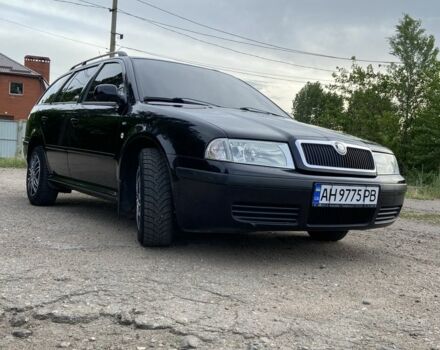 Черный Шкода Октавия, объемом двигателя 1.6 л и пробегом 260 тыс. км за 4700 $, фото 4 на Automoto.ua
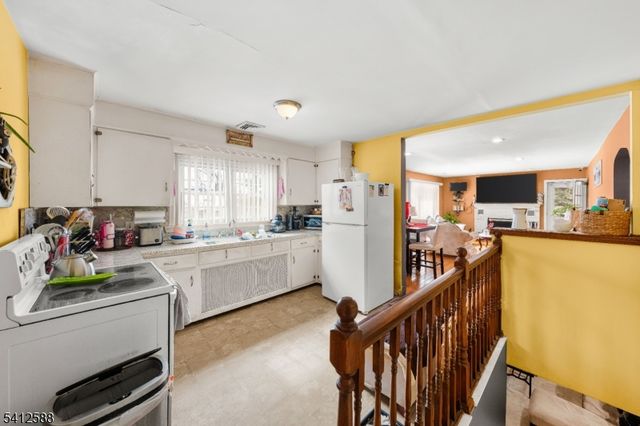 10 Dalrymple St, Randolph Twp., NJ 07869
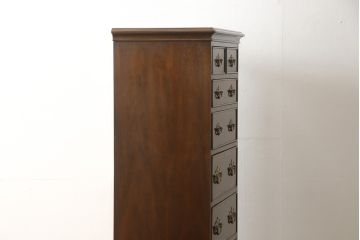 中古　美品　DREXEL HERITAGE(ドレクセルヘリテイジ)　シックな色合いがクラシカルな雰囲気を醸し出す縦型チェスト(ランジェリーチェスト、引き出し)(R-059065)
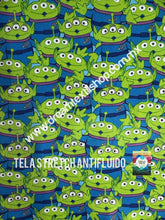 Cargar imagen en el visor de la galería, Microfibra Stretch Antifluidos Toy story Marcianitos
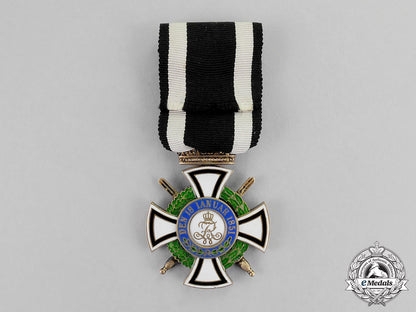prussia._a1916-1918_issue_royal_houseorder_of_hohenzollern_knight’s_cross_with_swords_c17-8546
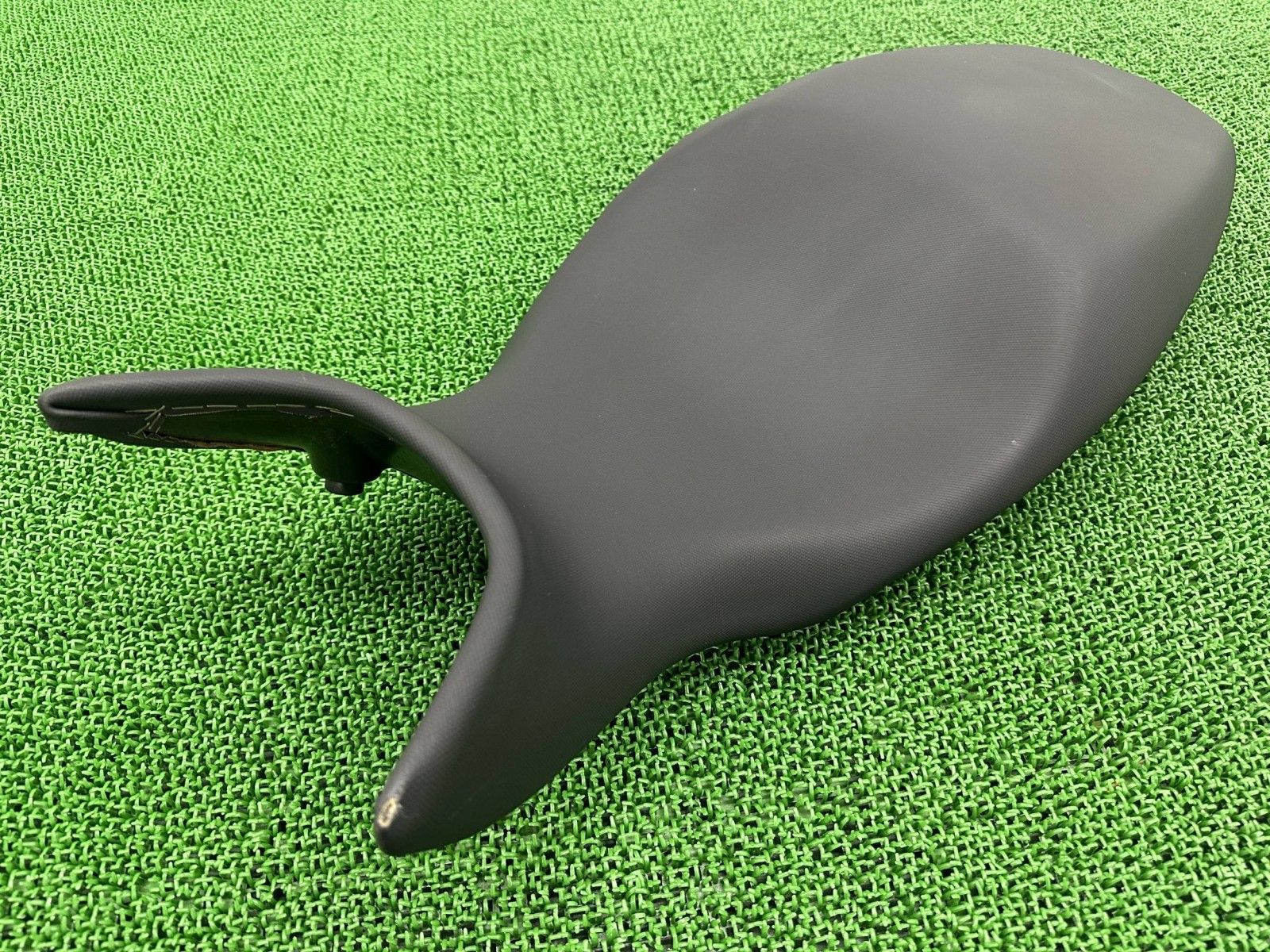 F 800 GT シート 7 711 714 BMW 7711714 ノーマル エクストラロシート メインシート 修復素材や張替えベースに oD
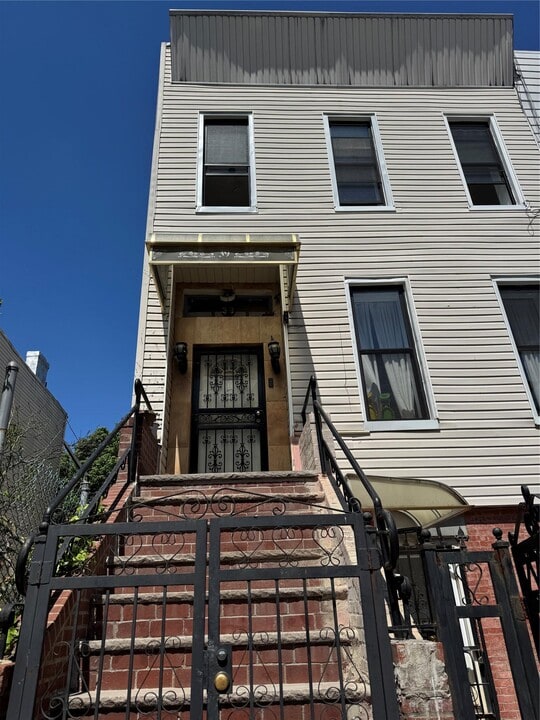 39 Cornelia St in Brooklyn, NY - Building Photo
◇ ◇ ◇ ◇ ◇ ◇ ◇
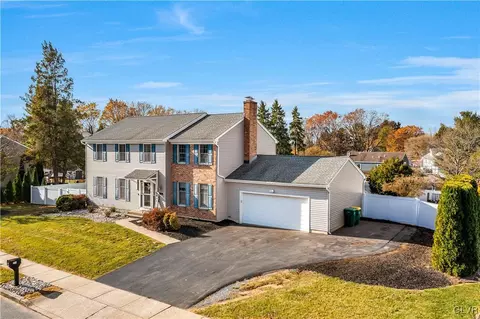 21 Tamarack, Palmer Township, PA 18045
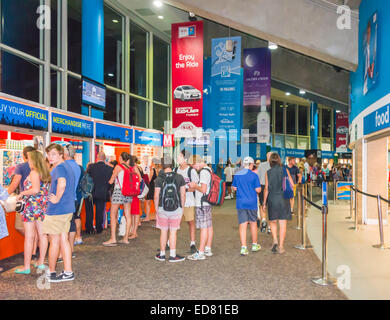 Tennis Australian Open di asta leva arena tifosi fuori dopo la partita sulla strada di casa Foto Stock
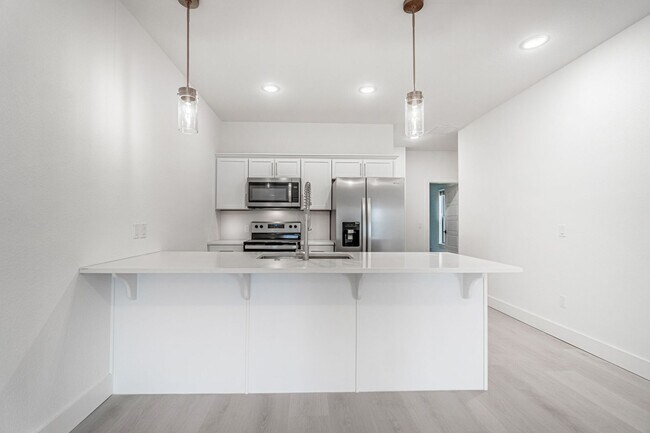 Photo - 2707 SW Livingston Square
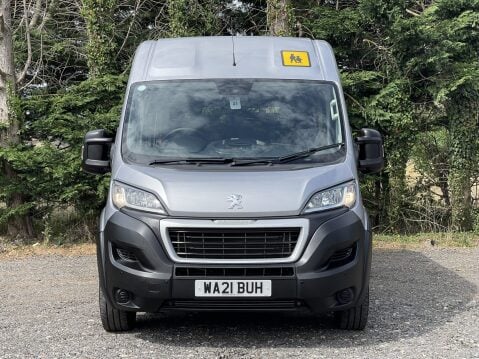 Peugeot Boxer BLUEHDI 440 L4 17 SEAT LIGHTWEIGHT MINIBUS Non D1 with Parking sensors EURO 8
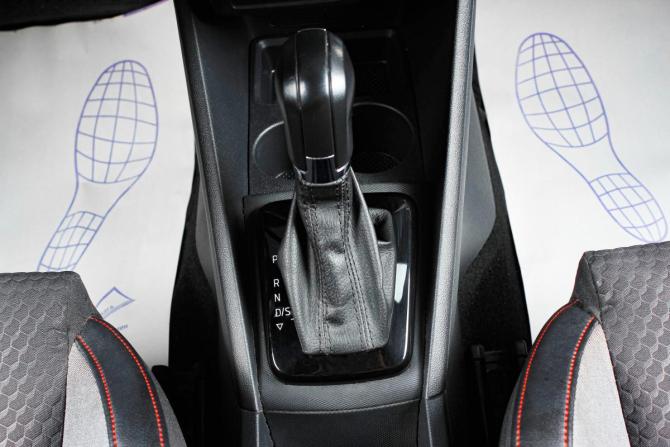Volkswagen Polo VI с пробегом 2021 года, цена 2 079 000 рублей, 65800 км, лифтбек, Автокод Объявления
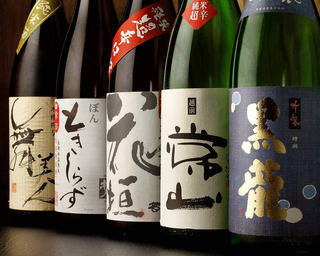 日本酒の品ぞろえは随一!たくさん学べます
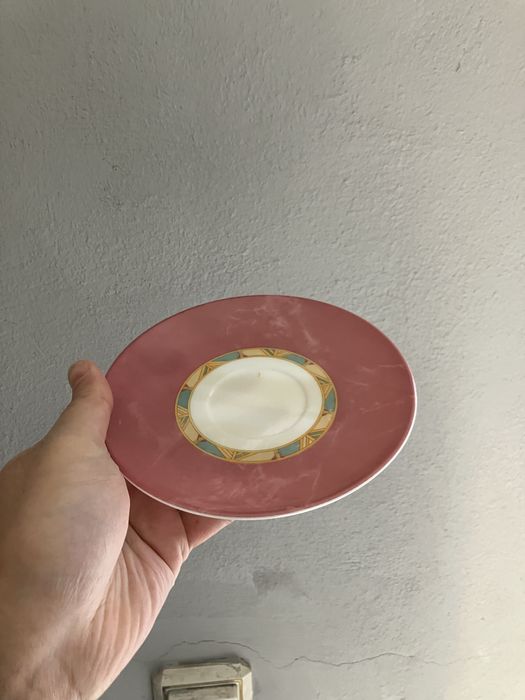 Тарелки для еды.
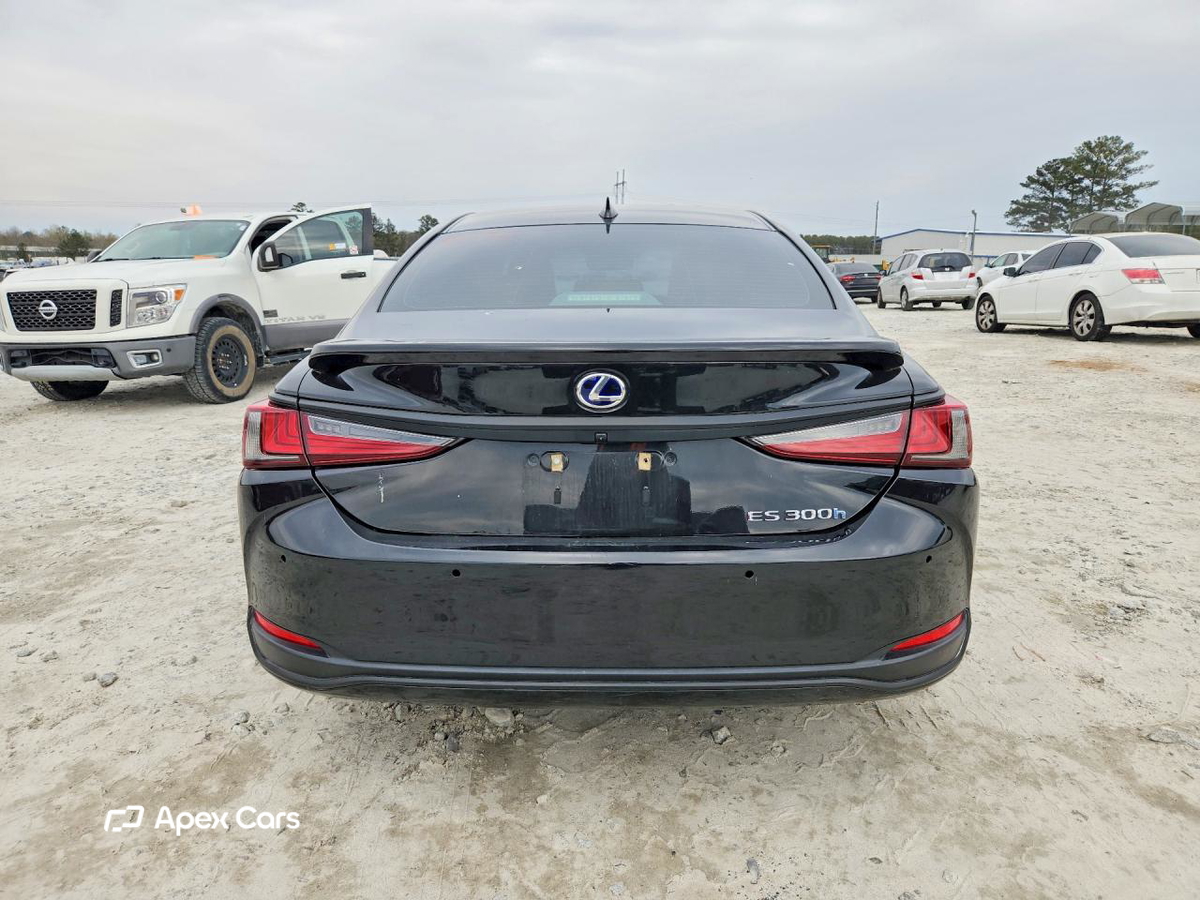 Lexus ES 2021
◇ ◇ ◇ ◇ ◇ ◇ ◇
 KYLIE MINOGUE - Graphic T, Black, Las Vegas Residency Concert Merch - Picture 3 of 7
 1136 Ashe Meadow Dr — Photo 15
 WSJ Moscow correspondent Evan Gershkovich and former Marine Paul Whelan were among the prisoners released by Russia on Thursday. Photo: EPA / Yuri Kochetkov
◇ ◇ ◇ ◇ ◇ ◇ ◇
→ **What is needed**
Using the material above, reproduce only the lines that run from the line with "Черный Шкода Октавия, объемом" up to and including the line with "Cargar imagen en", exactly, with the pictures dropped.

→ **Your solution**
 Черный Шкода Октавия, объемом двигателя 1.6 л и пробегом 260 тыс. км за 4700 $, фото 4 на Automoto.ua
 10 Dalrymple St, Randolph Twp., NJ 07869
 中古　美品　DREXEL HERITAGE(ドレクセルヘリテイジ)　シックな色合いがクラシカルな雰囲気を醸し出す縦型チェスト(ランジェリーチェスト、引き出し)(R-059065)
 Cargar imagen en el visor de la galería, Microfibra Stretch Antifluidos Toy story Marcianitos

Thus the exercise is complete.